--- Your goal ---
An exact reprint of the listing is required, with no pictures included.

(Raw data Opens)

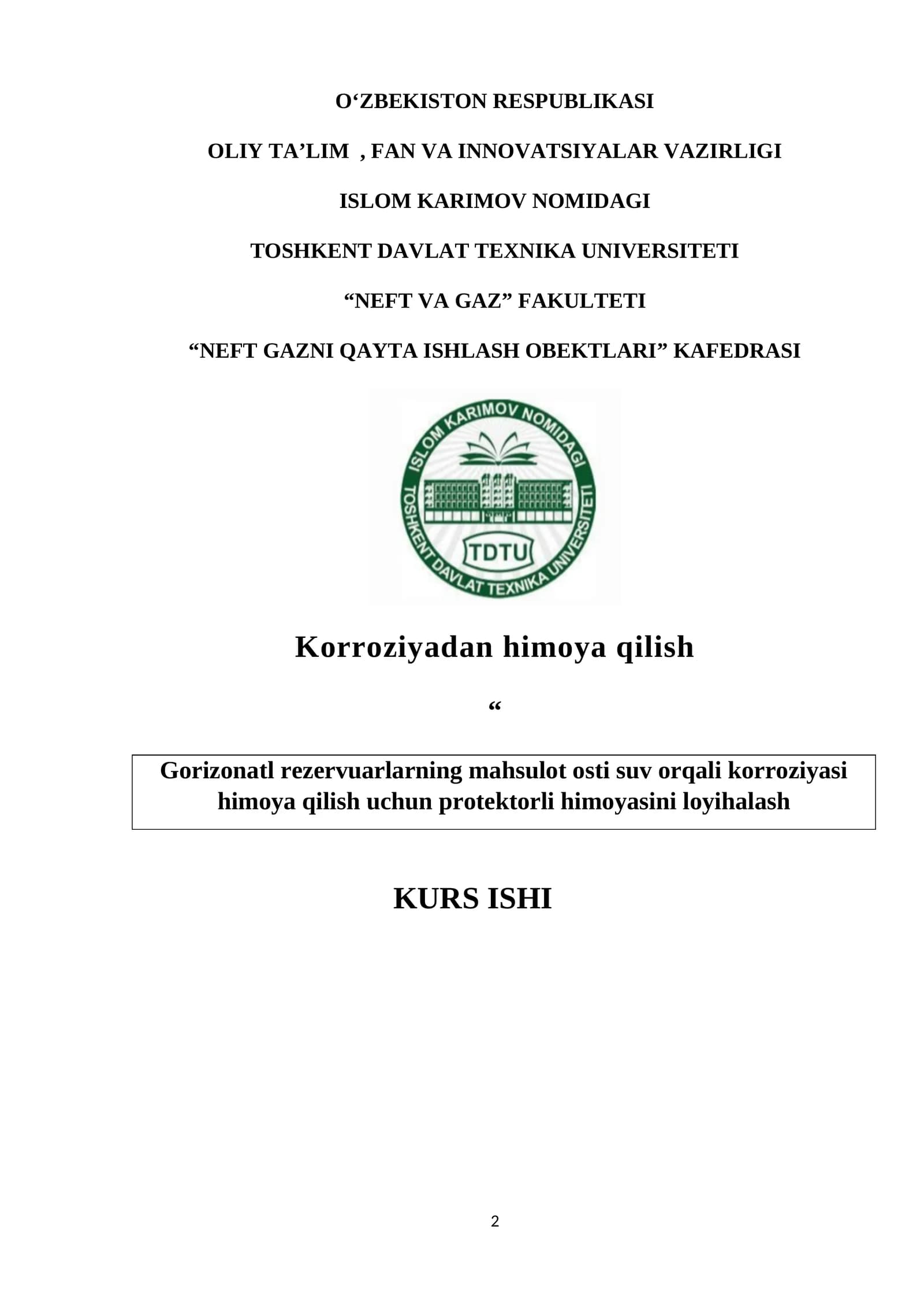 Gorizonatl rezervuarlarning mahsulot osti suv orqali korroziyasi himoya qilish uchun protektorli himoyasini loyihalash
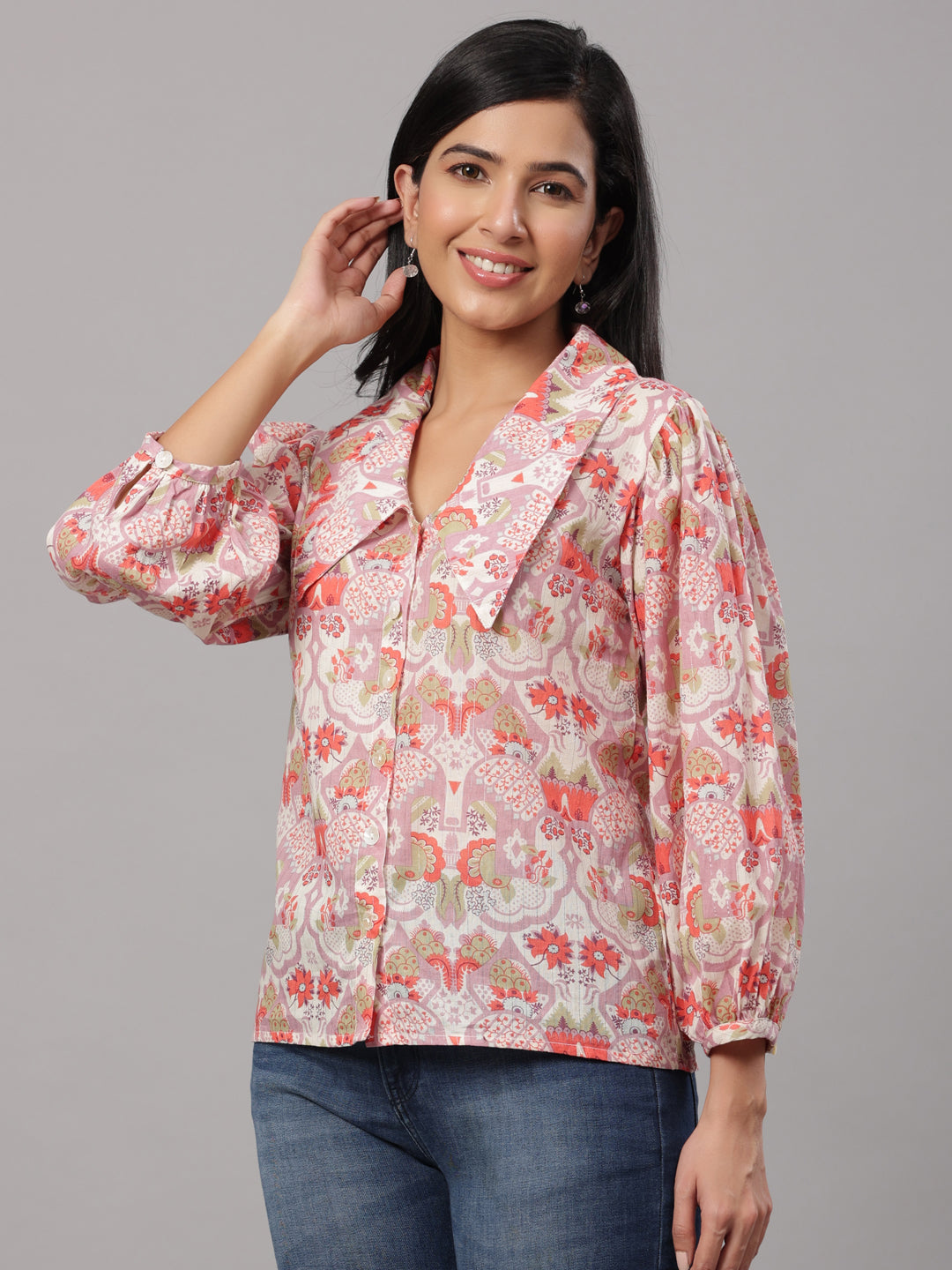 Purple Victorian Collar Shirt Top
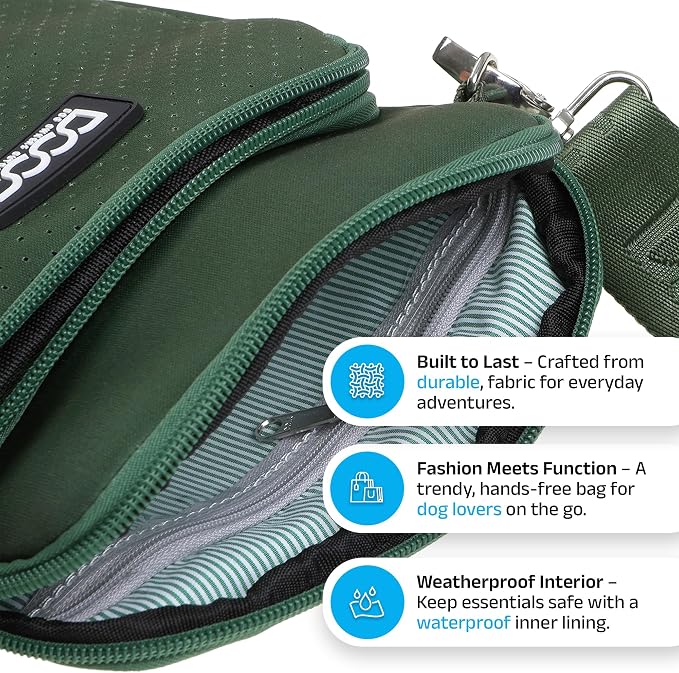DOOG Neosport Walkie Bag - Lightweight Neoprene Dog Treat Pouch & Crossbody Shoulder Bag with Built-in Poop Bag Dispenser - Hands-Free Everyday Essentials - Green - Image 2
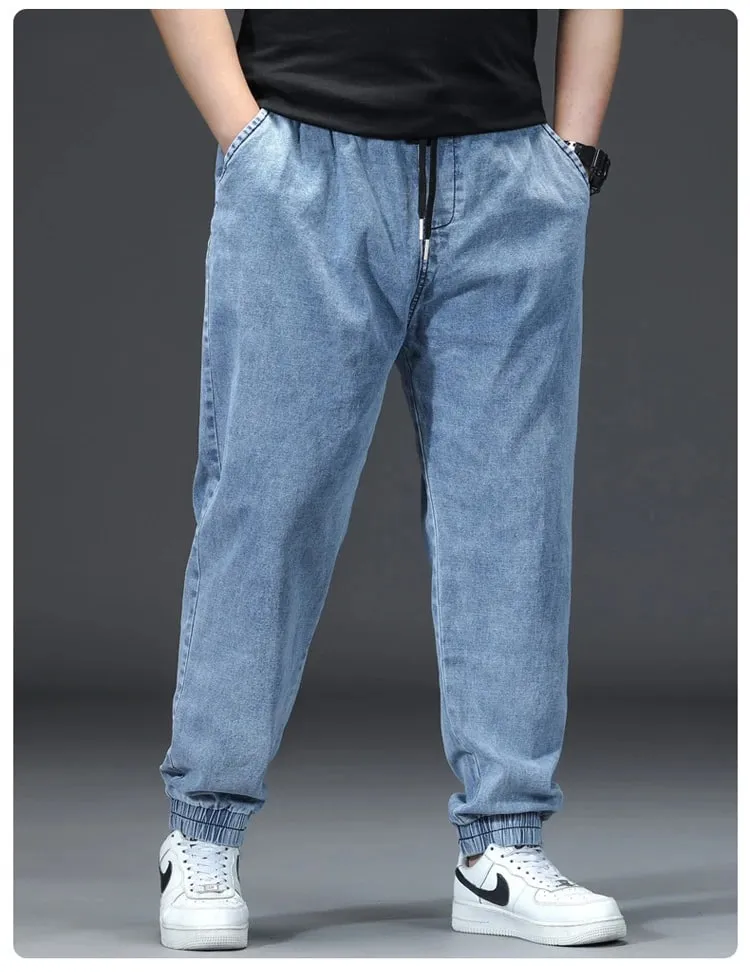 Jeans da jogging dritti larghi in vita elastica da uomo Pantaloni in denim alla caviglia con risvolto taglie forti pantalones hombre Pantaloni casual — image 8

(Raw data Closes)

--- The answer ---
 Gorizonatl rezervuarlarning mahsulot osti suv orqali korroziyasi himoya qilish uchun protektorli himoyasini loyihalash
 Purple Victorian Collar Shirt Top
DOOG Neosport Walkie Bag - Lightweight Neoprene Dog Treat Pouch & Crossbody Shoulder Bag with Built-in Poop Bag Dispenser - Hands-Free Everyday Essentials - Green - Image 2
 Jeans da jogging dritti larghi in vita elastica da uomo Pantaloni in denim alla caviglia con risvolto taglie forti pantalones hombre Pantaloni casual — image 8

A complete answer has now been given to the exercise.